Work task: Lines from the one with "Habitació doble o" to the end of the material, both included: print them exactly and print nothing else. Omit the pictures.
---- Extracted entries
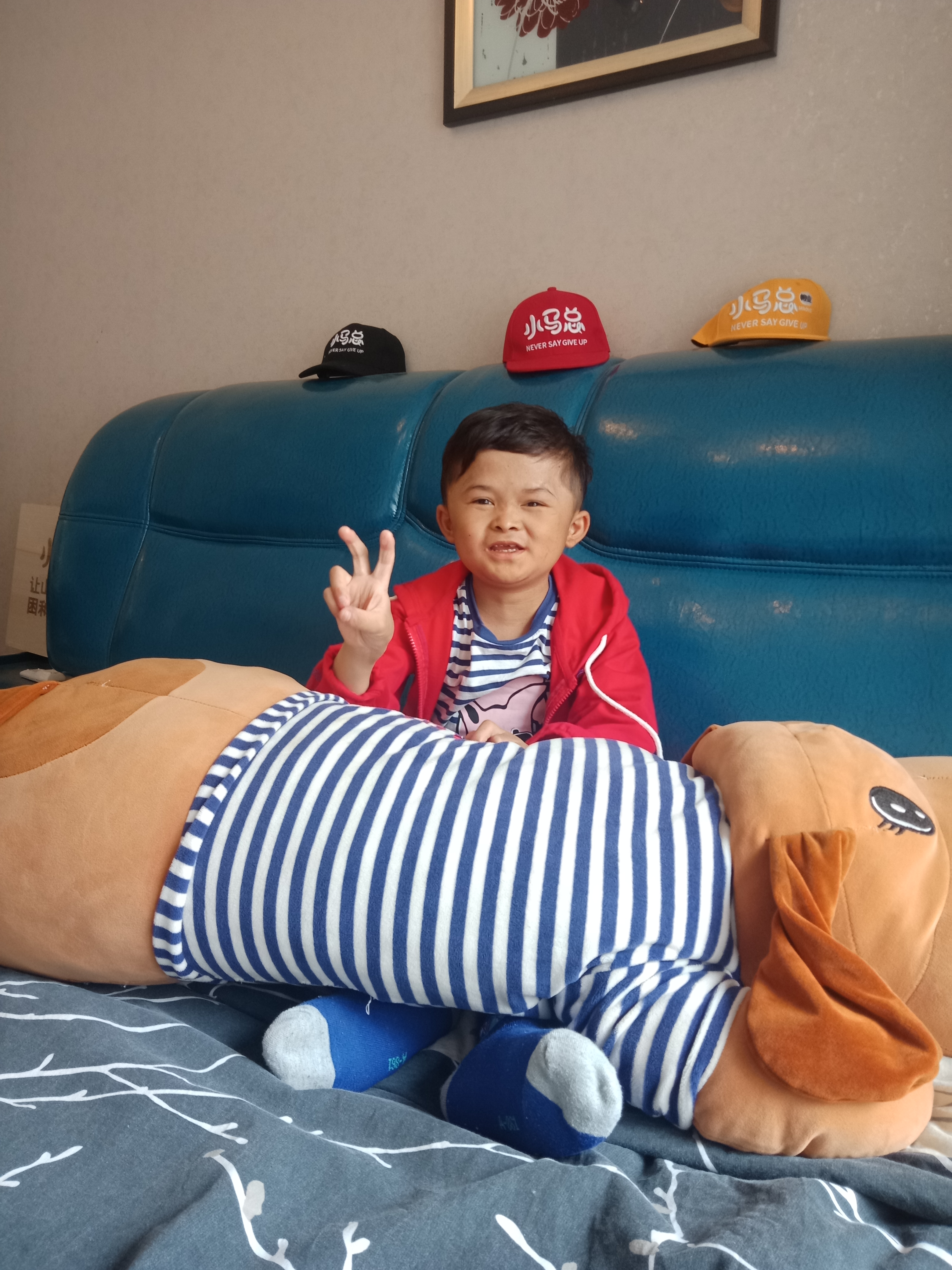 当上“总裁”的“小马云”：石家庄上学，专职保姆照顾，司机接送，大老板运作公司，老家破房新装修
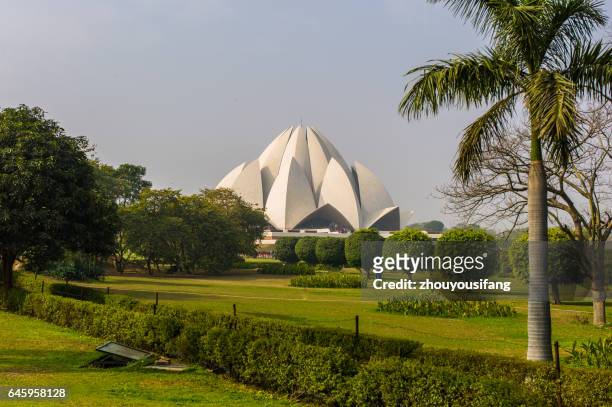 the lotus temple in delhi - lotus temple new delhi stock pictures, royalty-free photos & images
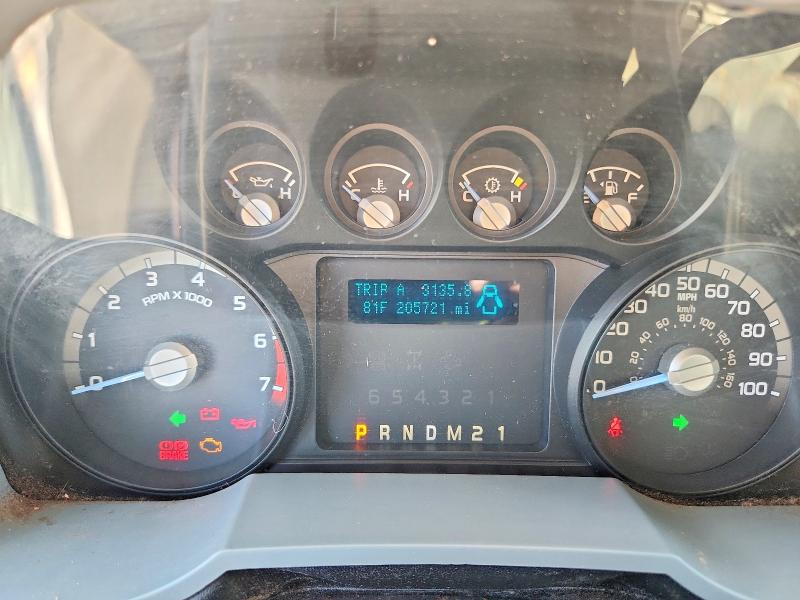 54102216 :رقم المزاد ، 1FD8X3H61BEB00909 vin ، 2011 Ford F350 مزاد بيع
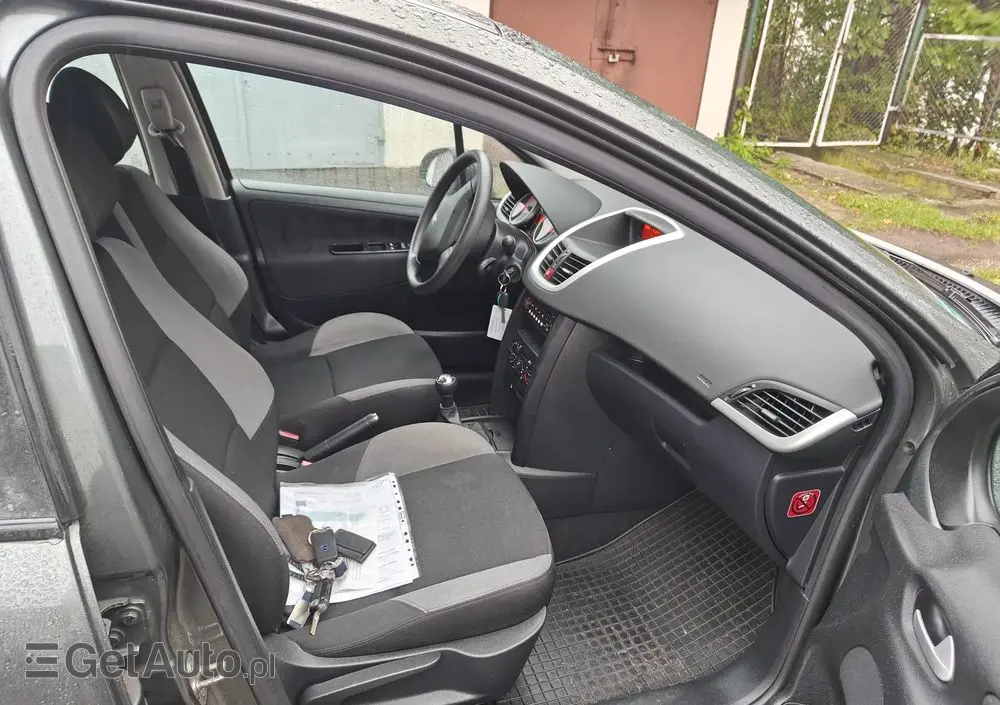 PEUGEOT 207 1.4 16V Presence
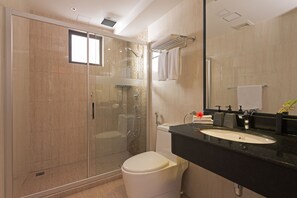 Habitació doble o amb dos llits individuals Deluxe, 1 llit doble, accessible, bany privat | Bany | Dutxa, articles de tocador gratuïts, assecador de cabells i tovalloles 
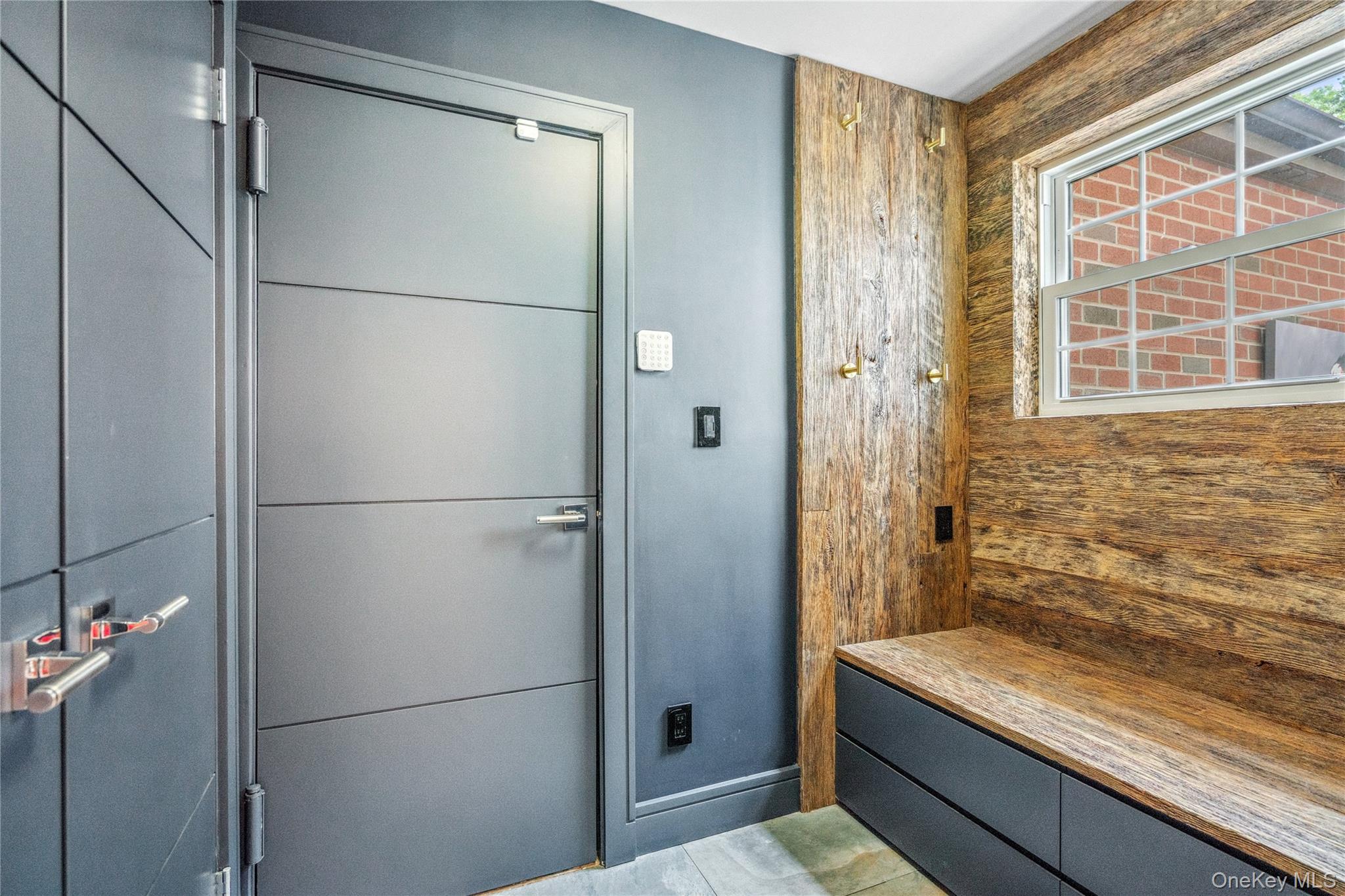 #12 photo, 23 Estates Terrace, Manhasset , NY 11030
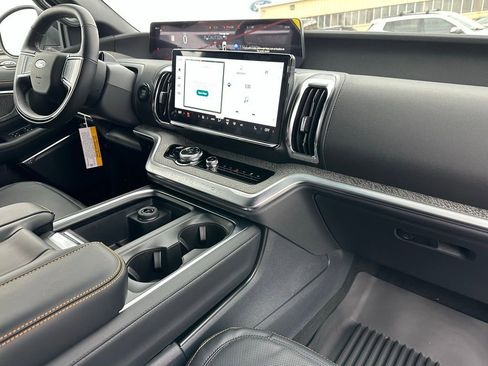 New 2025 Ford Expedition Tremor image 17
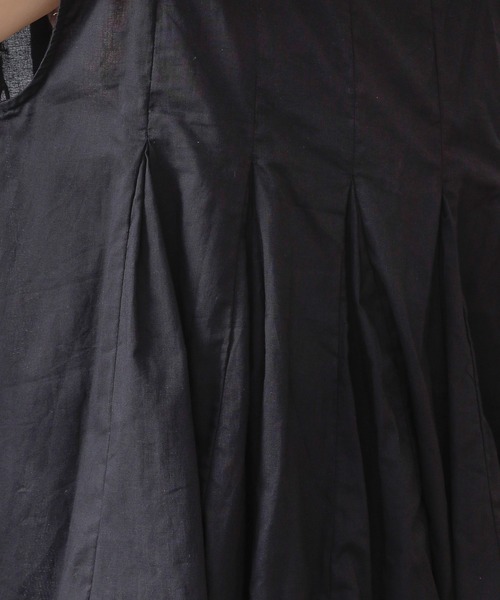 COLONY 2139（コロニートゥーワンスリーナイン）の「【WEB・一部店舗限定】コットン切替Aラインノースリーブチュニック（シャツ/ブラウス・レディース・オフホワイト/ブラック・FREE）」の6枚目の写真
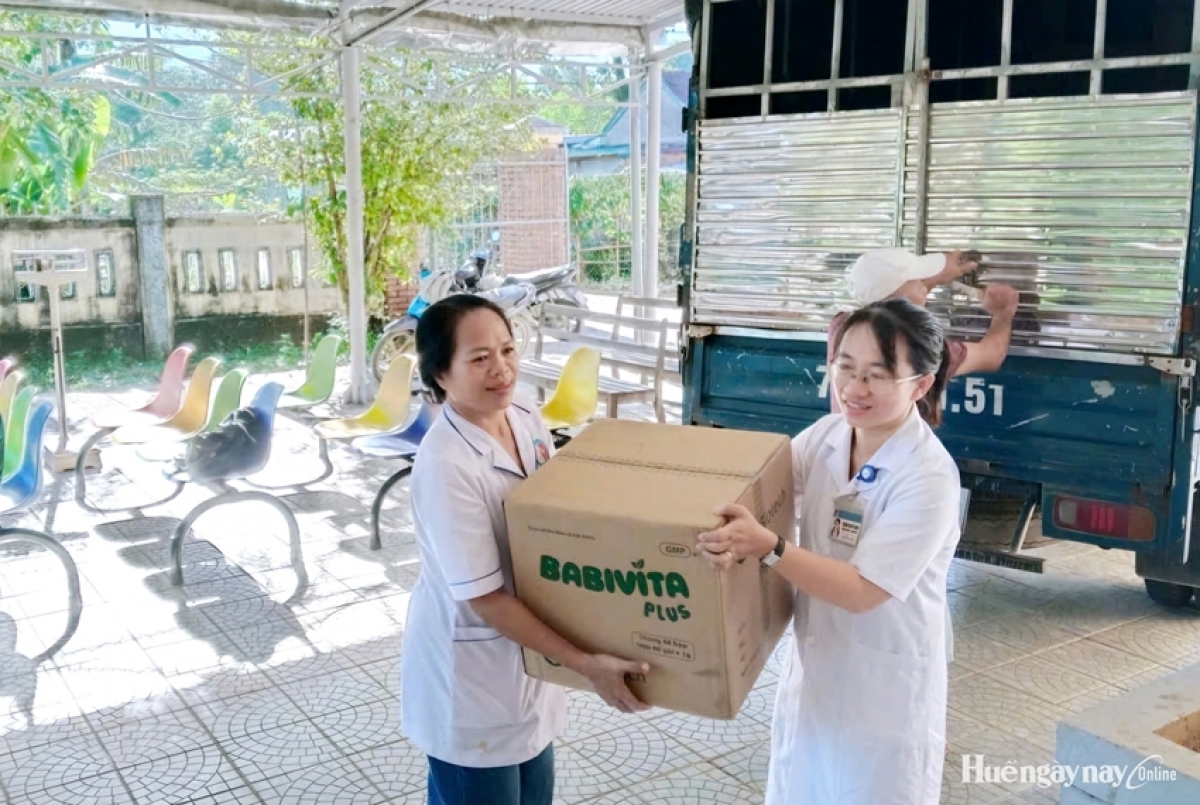 Bàn giao sản phẩm dinh dưỡng tại Trạm Y tế xã A Lưới 5.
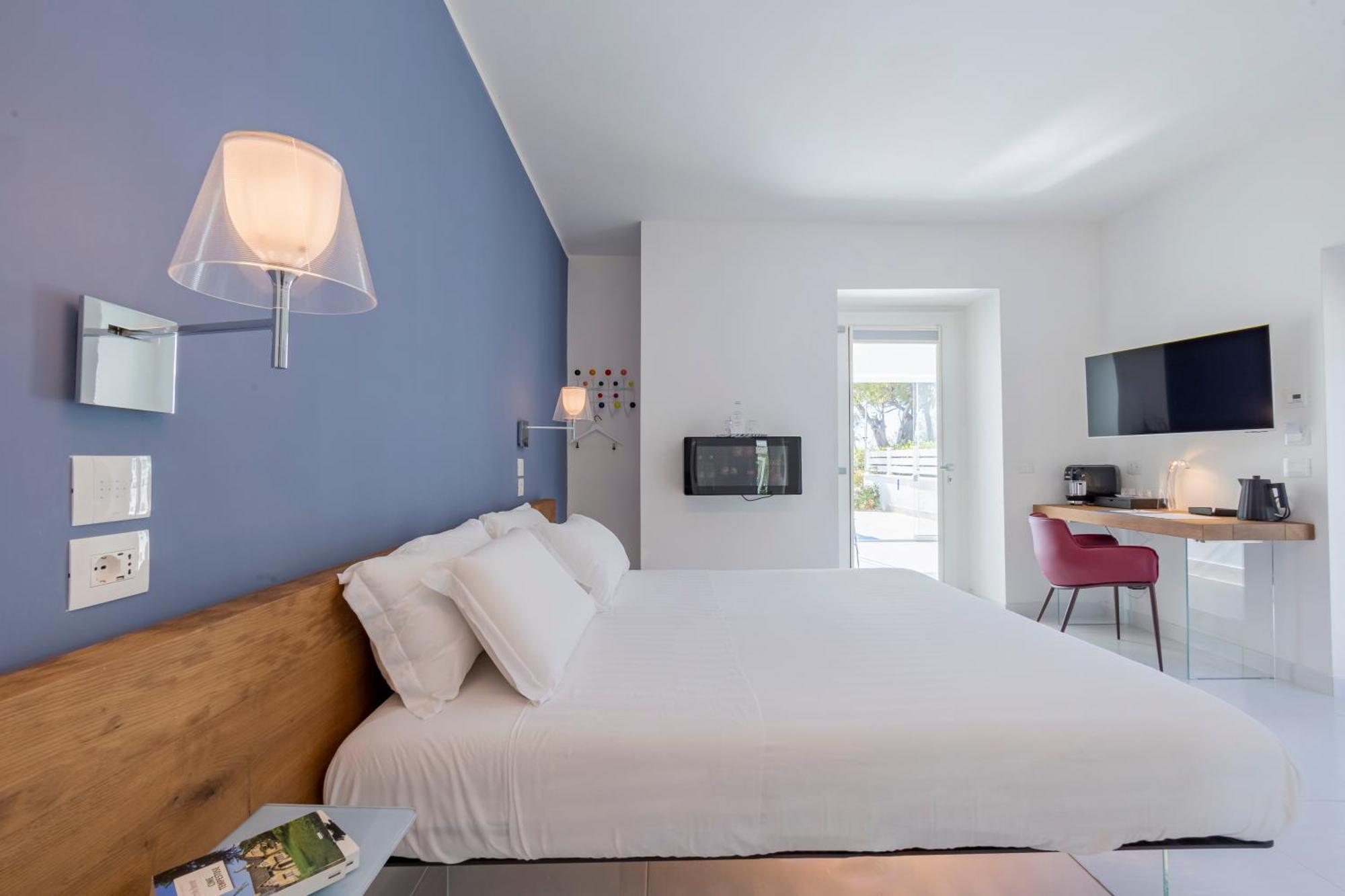 Aquamaris Design Suite & Spa Paestum Exterior photo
--------
Result:
 Habitació doble o amb dos llits individuals Deluxe, 1 llit doble, accessible, bany privat | Bany | Dutxa, articles de tocador gratuïts, assecador de cabells i tovalloles 
 #12 photo, 23 Estates Terrace, Manhasset , NY 11030
 New 2025 Ford Expedition Tremor image 17
 COLONY 2139（コロニートゥーワンスリーナイン）の「【WEB・一部店舗限定】コットン切替Aラインノースリーブチュニック（シャツ/ブラウス・レディース・オフホワイト/ブラック・FREE）」の6枚目の写真
 Bàn giao sản phẩm dinh dưỡng tại Trạm Y tế xã A Lưới 5.
 Aquamaris Design Suite & Spa Paestum Exterior photo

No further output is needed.